Surrogacy – where a woman carries another woman’s foetus in her womb until delivery – was only a problem if it become commercialised, Mark Sant, a gynaecologist with a special interest in infertility, told Parliament’s Health Committee yesterday.
He described the cases of two of his patients who had gone to Greece for surrogacy: one had a heart disease that would lead to her death if she became pregnant, and the other had a congenitally absent uterus.
On the topic of gamete – egg or sperm – donation, Dr Sant said that research had extensively assessed the psychological adaptation of donor children, and found it to be comparable to that of children born naturally or through IVF.
Prospective donors would have to reconcile themselves to the possibility of being sought out by their biological children against their own wishes
He warned that banning anonymous donation would destroy any donation programme, as it meant that prospective donors would have to reconcile themselves to the possibility of being sought out by their biological children against their own wishes.
The Health Committee was hearing presentations of speakers representing the Life Research Unit and Sallux, who were in Malta for a conference on the topic of proposed changes to the Embryo Protection Act.

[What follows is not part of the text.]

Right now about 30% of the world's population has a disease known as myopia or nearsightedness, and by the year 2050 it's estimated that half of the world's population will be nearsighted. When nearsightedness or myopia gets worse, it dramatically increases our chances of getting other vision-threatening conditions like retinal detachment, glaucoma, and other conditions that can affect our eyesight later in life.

The speakers, including Joanna Rose and Esme Weigmen-van, discussed various aspects of surrogacy and gamete donation.
Dr Rose, herself born through an IVF procedure made possible by sperm donation, spoke of herself as being “conceived in secrecy,” and described the “anguish” of fellow donor offspring.

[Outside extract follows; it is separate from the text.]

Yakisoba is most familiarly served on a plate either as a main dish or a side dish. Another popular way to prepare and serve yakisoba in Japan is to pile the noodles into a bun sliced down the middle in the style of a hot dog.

She said that it had taken her years to understand what it meant to be conceived through gamete donation, and she had eventually written a doctoral thesis intended to critically examine sperm donation practices and associated legal, ethical, and genetic problems.
Dr Rose described a contradiction between the attempts to safeguard genetic continuity whenever possible in IVF procedures, which focussed on the parents, with the complete disregard of this principle in gamete donation.
Children born from gamete donation, she said, should have the right to find out who their biological parents were, and they should have access to their medical histories.